CALAO est tout aussi immense mais un peu plus modeste, comparé à BALEINE, en terme de volume d’huile de pétrole brut plus précisément. Il englobe cependant d’énormes quantités de gaz naturel associé susceptible d’atteindre 5 000 milliards de pieds cube, soit plus de gaz que BALEINE en perspective et ce, sur le seul puit MURENE-1X pour l’instant foré sur ce bloc pétrolier CI-205.

Au final il couve bien une bonne ressource estimée entre 1 milliard à 1,5 milliard de barils équivalent pétrole (bep) selon l’opérateur ENI. Ce qui équivaut à ce jour à la seconde plus grande découverte en Côte d’Ivoire.

Au regard des normes internationales, comme celles des référentiels américains par exemple, ce potentiel donne à CALAO de revendiquer un profil typique de gisement riche en gaz humide et abritant du pétrole léger et des condensats. Tout autant que BALEINE, il pourrait être également envisagé que son développement se fasse en FAST-TRACK pour une mise en production rapide, sécurisée et net-zero émission de gaz à effet de serre de catégories 1 et 2.

• LP : Tantôt l’on entend parler de pétrole brut en terme de barils et à présent, l’on parle de barils équivalent pétrole (bep). Y aurait-il une différence entre ces deux unités ?

SDP : Vous faites bien de poser cette question car, sans y prêter attention, l’on pourrait se tromper à vouloir comparer les ressources d’un gisement pétrolifère exprimées en barils et celles d’un autre citées en barils équivalent pétrole (bep).

Le baril (b), communément désigné par blue baril (bbl) en fait, concerne unique la contenance du pétrole brut à l’état liquide alors que le baril équivalent pétrole (bep) est une unité de synthèse qui aide à additionner le pétrole et le gaz au lieu de les exprimer séparément en barils et pieds cube.

C’est ainsi que l’on dira que le gisement BALEINE dispose de 2,5 milliards de barils (bbl), quand l’on ne fait allusion qu’à la part de pétrole brut qu’il contient, alors que l’on dira en gros du nouveau gisement CALAO qu’il présente 1,5 milliards de barils équivalent pétrole (bep) pour englober le pétrole et gaz.

• LP : Alors globalement, peut-on dire que le bassin sédimentaire ivoirien est plutôt riche en pétrole ou gaz ?

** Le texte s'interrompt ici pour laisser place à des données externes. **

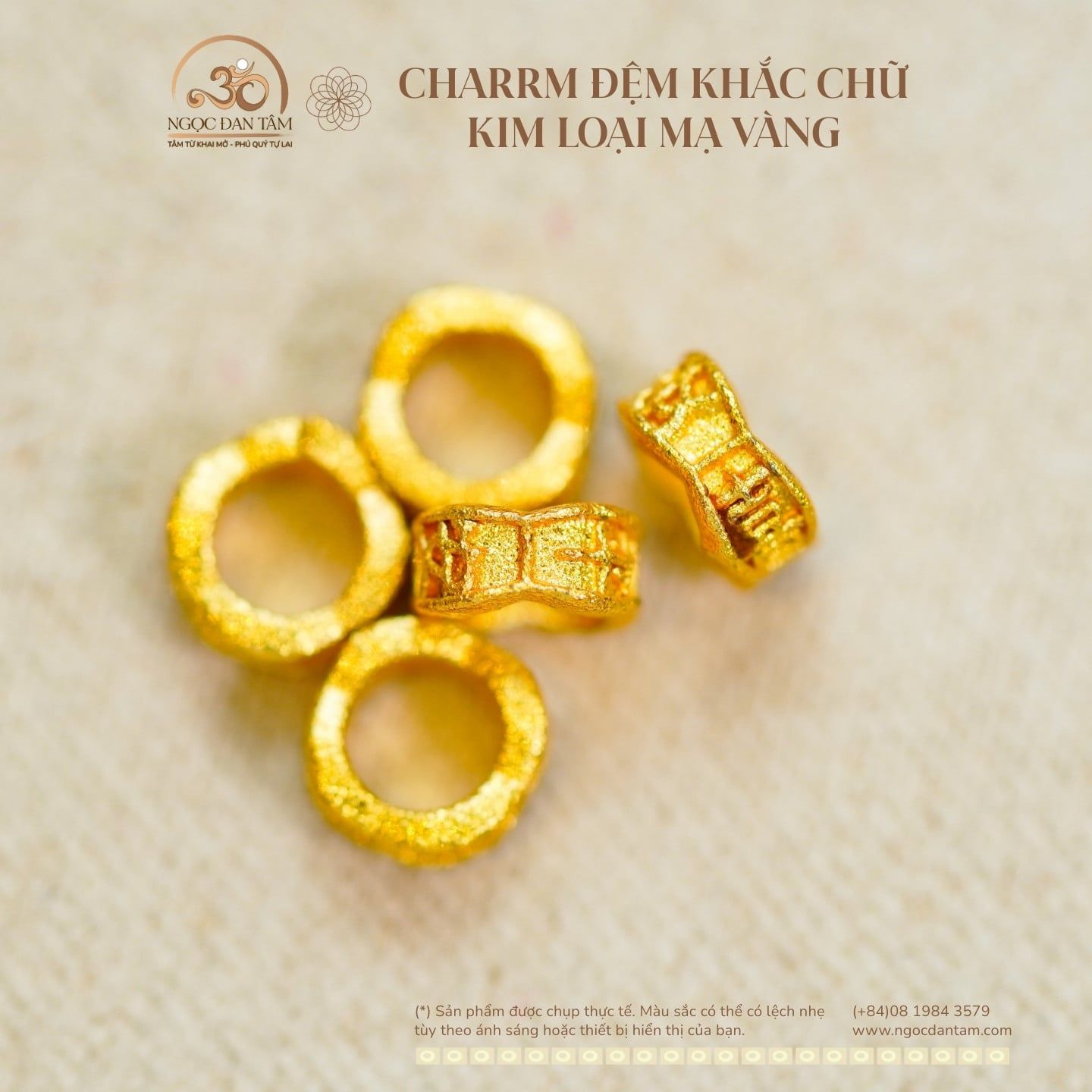  Charm Đệm Khắc Chữ - Kim Loại Mạ Vàng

SDP : Contrairement à d’autres États producteurs connus pour être de tendance plutôt « pétrole » que « gaz », ou vice-versa, la Côte d‘Ivoire jouit pour sa part d’un bassin sédimentaire mixte où l’on trouve du gaz et du pétrole.

Évidemment, certains gisements seront plus gazeux, comme CALAO, mais d’autres pourraient bien à l’inverse contenir plus de pétrole. Il nous souvient en effet que l’explorateur ENI avait tout récemment aussi annoncé une présence probante d’hydrocarbures dans les blocs pétroliers offshore CI-504, CI-526, CI-706 et CI-708. Preuve somme toute que le bassin sédimentaire ivoirien n’a pas encore livré son dernier mot.

Dans tous les cas, qu’il s’agisse de gaz ou de pétrole, la Côte d‘Ivoire, classée dans le top 10 des pays producteurs d’or noir en Afrique, est en marche pour un grand changement de son role dans la chaîne économique sous-régionale voire mondiale. Elle est davantage attractive car les investisseurs pétroliers y trouvent la sécurité propice à l’exercice du métier.